=== Data provided ===

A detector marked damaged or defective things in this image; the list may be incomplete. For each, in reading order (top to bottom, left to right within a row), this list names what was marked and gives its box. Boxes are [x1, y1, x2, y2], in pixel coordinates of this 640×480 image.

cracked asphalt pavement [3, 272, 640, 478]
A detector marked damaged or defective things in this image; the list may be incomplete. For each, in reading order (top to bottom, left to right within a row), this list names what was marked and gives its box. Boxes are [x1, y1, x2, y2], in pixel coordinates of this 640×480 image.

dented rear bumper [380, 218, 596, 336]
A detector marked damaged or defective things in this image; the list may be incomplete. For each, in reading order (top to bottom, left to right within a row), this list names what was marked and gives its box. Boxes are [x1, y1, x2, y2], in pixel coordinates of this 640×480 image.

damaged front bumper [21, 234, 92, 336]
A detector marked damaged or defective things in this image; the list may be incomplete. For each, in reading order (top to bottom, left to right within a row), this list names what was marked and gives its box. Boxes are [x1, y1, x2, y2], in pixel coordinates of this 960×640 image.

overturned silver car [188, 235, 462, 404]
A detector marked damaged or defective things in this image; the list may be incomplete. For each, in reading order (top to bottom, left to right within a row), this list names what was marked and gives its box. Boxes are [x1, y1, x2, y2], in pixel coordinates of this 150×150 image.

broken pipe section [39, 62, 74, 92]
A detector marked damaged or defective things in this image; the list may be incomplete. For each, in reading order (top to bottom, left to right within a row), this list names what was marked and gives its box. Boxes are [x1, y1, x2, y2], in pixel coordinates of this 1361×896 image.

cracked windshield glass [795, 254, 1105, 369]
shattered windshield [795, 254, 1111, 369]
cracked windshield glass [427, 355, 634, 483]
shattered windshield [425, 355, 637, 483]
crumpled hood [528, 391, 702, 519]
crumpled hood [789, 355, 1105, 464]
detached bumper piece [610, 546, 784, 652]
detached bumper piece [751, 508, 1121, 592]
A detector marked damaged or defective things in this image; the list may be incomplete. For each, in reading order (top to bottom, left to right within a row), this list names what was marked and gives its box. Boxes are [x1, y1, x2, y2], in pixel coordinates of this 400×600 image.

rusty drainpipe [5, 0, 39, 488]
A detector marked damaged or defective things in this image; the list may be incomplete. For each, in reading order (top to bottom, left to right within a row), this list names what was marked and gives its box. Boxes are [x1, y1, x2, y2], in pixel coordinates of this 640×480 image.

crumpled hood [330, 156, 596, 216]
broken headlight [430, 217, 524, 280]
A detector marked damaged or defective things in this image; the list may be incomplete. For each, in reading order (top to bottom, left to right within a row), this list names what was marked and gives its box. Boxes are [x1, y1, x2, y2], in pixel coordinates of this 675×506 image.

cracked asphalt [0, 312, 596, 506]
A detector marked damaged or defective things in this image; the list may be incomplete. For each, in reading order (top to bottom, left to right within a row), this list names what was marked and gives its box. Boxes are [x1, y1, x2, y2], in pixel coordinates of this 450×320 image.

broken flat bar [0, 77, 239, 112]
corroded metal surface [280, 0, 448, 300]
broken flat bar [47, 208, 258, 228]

===

Problem statement: Output, unchanged, the lines from the line with "this 675×506 image." through the final line of the material.

Problem solution:
A detector marked damaged or defective things in this image; the list may be incomplete. For each, in reading order (top to bottom, left to right within a row), this list names what was marked and gives its box. Boxes are [x1, y1, x2, y2], in pixel coordinates of this 675×506 image.

cracked asphalt [0, 312, 596, 506]
A detector marked damaged or defective things in this image; the list may be incomplete. For each, in reading order (top to bottom, left to right within a row), this list names what was marked and gives its box. Boxes are [x1, y1, x2, y2], in pixel coordinates of this 450×320 image.

broken flat bar [0, 77, 239, 112]
corroded metal surface [280, 0, 448, 300]
broken flat bar [47, 208, 258, 228]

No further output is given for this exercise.